5.0 out of 5 stars Ahead of Its Time, Still a Major Contribution, Needs a Second Volume, October 13, 2012

This is a truly extraordinary book, one I stumbled across as I was browsing the web for “the right stuff.” Whereas most authors and endeavors persist in doing what Dr. Russell Ackoff describes as “doing the wrong thing righter,” this is a book on the bleeding edge of what he and I both favor, “doing the right thing.”
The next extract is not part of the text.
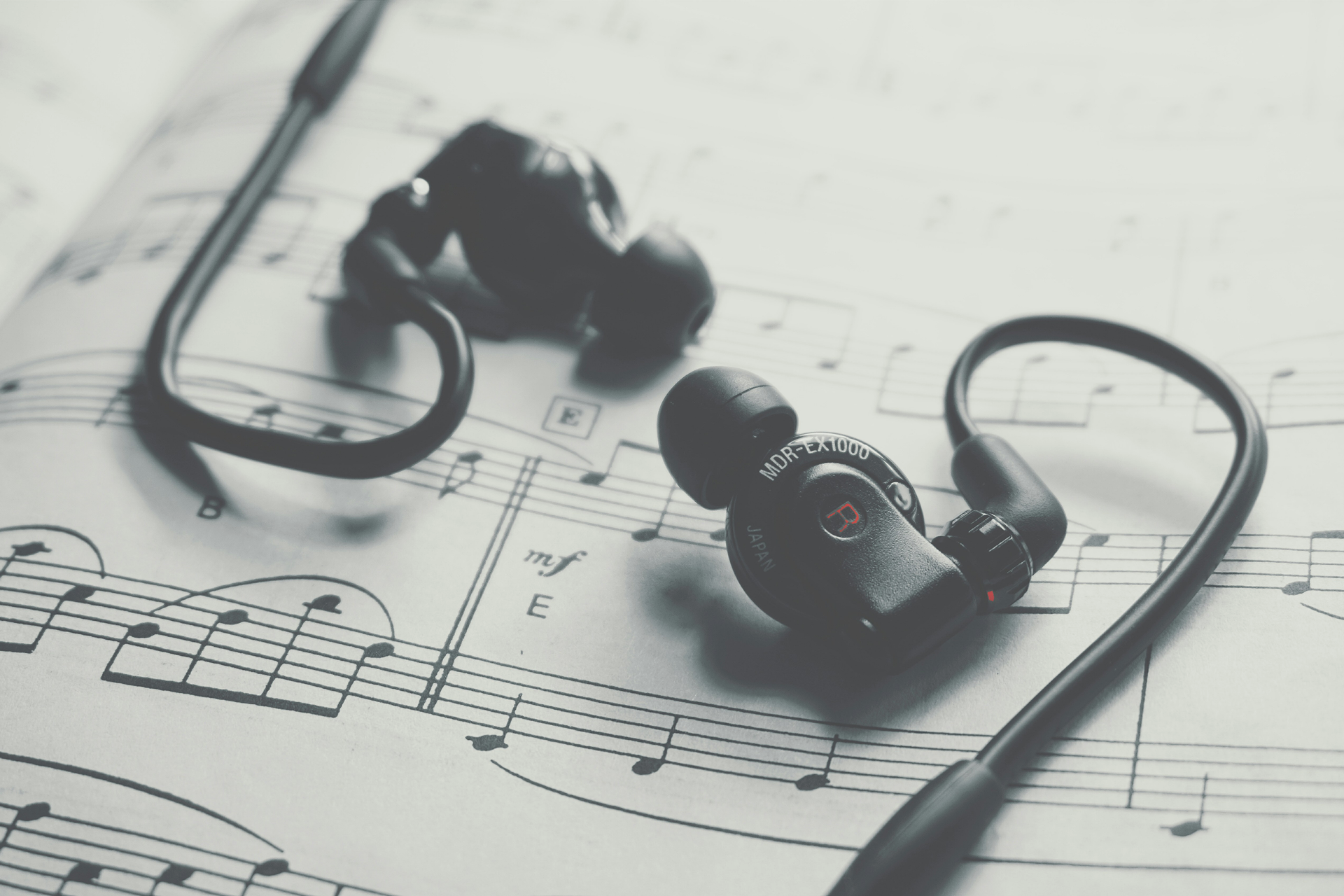 Begin Your Musical Adventure with Donner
What really surprised me about this book is the rich cultural and ethical spirit that has been integrated into each contribution (19 chapters, many with multiple authors). I am also surprised by the conclusion, chapter 19, “Coevolution of Social Science and Emerging Technologies,” which explicitly recognizes that the social sciences are severely retarded in relation to both the challenges facing us and the capacity of emerging technologies to address those challenges. This is a view I have held for some time, and if there ever were an Open Source Agency (OSA) as a sister agency to the Broadcasting Board of Governors (BBG) and as an Open Source Intelligence (OSINT) provider to Whole of Government decision-making and Smart Nation depth and breadth, two of that agencies priorities would address the urgency of re-integrating all of the academic disciplines, and accelerating the maturation of the social sciences, while also applying the new meme of “Open Source Everything” to every one of the technologies addressed in this book.